Consider $$ \lim_{x\rightarrow 0^+} \frac{e^{-1/x}}{x^p} $$ where $p\in \mathbb{R}^+\;(p>0)\;.$
Despite satisfying all of the criteria for L’Hôpital’s Rule, repeated applications continue to yield the same indeterminate limit, whereas it can be shown heuristically, that the limit is indeed zero.
I don't see how the Squeeze Theorem would help me here. Is there an alternative? Thanks.
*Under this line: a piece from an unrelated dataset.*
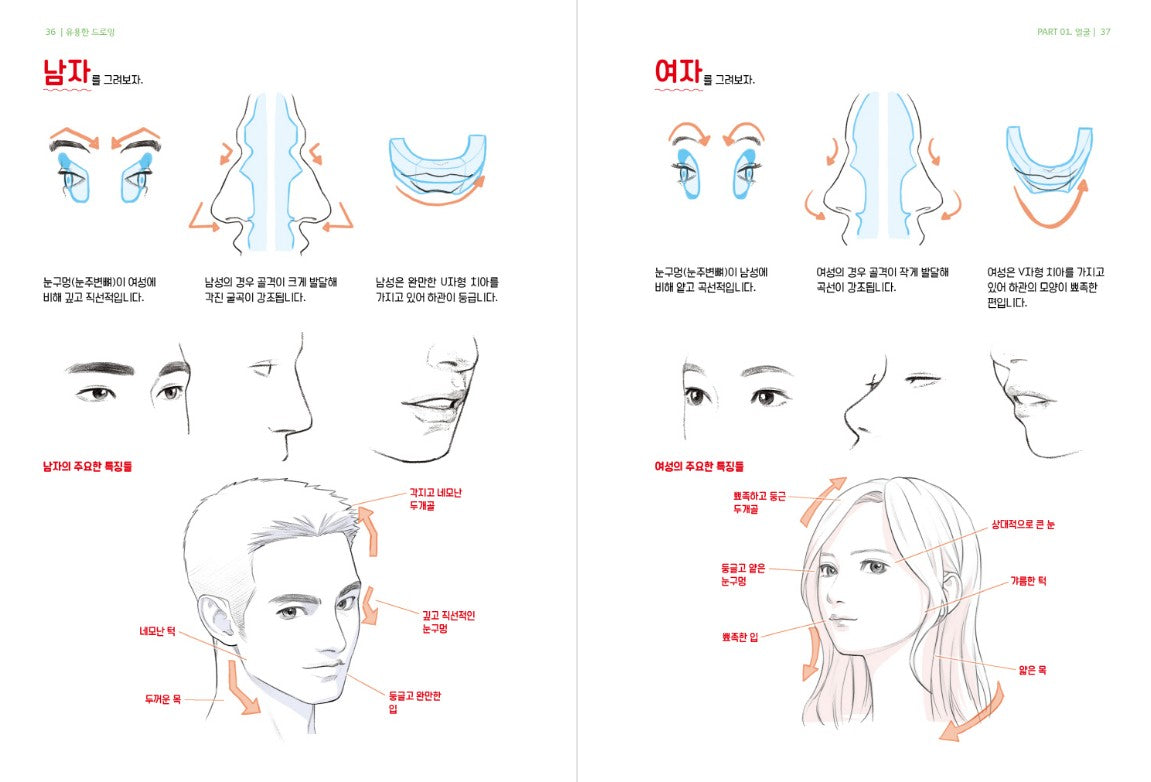 Useful Drawing Webtoon Lesson Book, Drawing Guide Book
Many thanks for all the answers. I wish I'd thought of the clever $u=1/x$ substitution beforehand!
On
You can understand the function $e^{-1/x}$ as having a root at $x=0$ of infinite multiplicity, that's what makes L'Hospital fail. At the same time this is a heuristic argument to justify the answer $0$, as the denominator $x^p$ cannot compensate.
Taking the logarithm,
$$-x-p\log x\sim-x$$ is also conclusive.
On
$\frac{d}{dx} e^{-1/x} = e^{-1/x}\cdot \frac{1}{x^2}$
$\frac{d}{dx} x^p = p x^{p-1}$
So L'Hopital's Rule gives
$$\lim_{x\rightarrow 0^+} \frac{e^{-\frac{1}{x}}}{x^p} = \lim_{x\rightarrow 0^+} \frac{e^{-\frac{1}{x}}}{px^{p+1}}$$ and working backwards we could get down to a single $x$ in the denominator:$$\lim_{x\rightarrow 0^+} \frac{e^{-\frac{1}{x}}}{x} = \lim_{x\rightarrow 0^+} \frac{e^{-\frac{1}{x}}}{(p-1)!x^{p}}$$
If we let $u = \frac{1}{x}$, the limit converts to $$\lim_{x\rightarrow 0^+} \frac{e^{-\frac{1}{x}}}{x} = \lim_{u\rightarrow +\infty} u{e^{-u}} = \lim_{u\rightarrow +\infty} \frac{u}{e^u} = \lim_{u\rightarrow +\infty} \frac{1}{e^u} = 0$$
On
Let substitute $u=\frac 1x\to+\infty$ then $$f(u)=u^pe^{-u}$$
$f'(u)=-u^{p-1}e^{-u}(u-p)<0$ because $u>0$, exp is always positive and $u-p>0$ for $u$ large enough.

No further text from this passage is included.